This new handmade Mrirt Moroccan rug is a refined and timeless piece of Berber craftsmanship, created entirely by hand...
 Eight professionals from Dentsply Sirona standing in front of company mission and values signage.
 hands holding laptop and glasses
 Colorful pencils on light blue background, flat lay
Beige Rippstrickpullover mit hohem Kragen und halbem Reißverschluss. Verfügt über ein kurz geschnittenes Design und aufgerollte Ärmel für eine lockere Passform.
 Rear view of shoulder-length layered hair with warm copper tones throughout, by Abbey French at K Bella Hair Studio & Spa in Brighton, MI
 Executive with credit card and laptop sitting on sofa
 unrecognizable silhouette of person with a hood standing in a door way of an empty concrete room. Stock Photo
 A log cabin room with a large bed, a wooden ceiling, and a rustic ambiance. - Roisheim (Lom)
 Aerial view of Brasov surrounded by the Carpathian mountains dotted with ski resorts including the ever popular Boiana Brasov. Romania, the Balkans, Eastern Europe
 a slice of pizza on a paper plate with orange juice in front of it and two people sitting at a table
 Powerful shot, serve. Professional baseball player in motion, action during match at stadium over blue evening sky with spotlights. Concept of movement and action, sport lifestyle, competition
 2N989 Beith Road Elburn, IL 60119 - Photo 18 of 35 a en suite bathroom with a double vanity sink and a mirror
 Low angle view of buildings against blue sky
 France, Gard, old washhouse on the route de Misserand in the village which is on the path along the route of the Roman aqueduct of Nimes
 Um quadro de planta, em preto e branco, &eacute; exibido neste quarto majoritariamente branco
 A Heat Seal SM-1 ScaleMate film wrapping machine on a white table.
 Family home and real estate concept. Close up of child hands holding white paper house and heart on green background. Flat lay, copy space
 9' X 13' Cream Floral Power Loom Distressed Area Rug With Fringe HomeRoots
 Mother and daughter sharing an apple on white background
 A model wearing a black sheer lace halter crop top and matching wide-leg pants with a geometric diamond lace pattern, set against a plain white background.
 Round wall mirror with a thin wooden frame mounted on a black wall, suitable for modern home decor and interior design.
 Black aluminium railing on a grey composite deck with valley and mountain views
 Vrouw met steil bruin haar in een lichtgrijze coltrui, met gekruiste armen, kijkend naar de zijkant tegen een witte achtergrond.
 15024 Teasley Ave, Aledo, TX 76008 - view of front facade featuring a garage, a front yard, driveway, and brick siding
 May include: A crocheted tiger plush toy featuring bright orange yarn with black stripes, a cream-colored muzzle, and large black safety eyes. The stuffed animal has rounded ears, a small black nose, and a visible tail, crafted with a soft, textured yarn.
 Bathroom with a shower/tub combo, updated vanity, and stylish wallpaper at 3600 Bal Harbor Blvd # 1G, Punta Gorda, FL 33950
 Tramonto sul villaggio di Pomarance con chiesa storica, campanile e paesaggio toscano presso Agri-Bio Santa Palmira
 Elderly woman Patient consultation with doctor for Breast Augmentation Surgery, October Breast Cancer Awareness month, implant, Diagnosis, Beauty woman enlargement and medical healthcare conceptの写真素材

============

Problem details
Only the lines from the one with "15024 Teasley Ave, Aledo, TX" through the last line of the records belong in the answer, each copied exactly.

Solution for this exercise
 15024 Teasley Ave, Aledo, TX 76008 - view of front facade featuring a garage, a front yard, driveway, and brick siding
 May include: A crocheted tiger plush toy featuring bright orange yarn with black stripes, a cream-colored muzzle, and large black safety eyes. The stuffed animal has rounded ears, a small black nose, and a visible tail, crafted with a soft, textured yarn.
 Bathroom with a shower/tub combo, updated vanity, and stylish wallpaper at 3600 Bal Harbor Blvd # 1G, Punta Gorda, FL 33950
 Tramonto sul villaggio di Pomarance con chiesa storica, campanile e paesaggio toscano presso Agri-Bio Santa Palmira
 Elderly woman Patient consultation with doctor for Breast Augmentation Surgery, October Breast Cancer Awareness month, implant, Diagnosis, Beauty woman enlargement and medical healthcare conceptの写真素材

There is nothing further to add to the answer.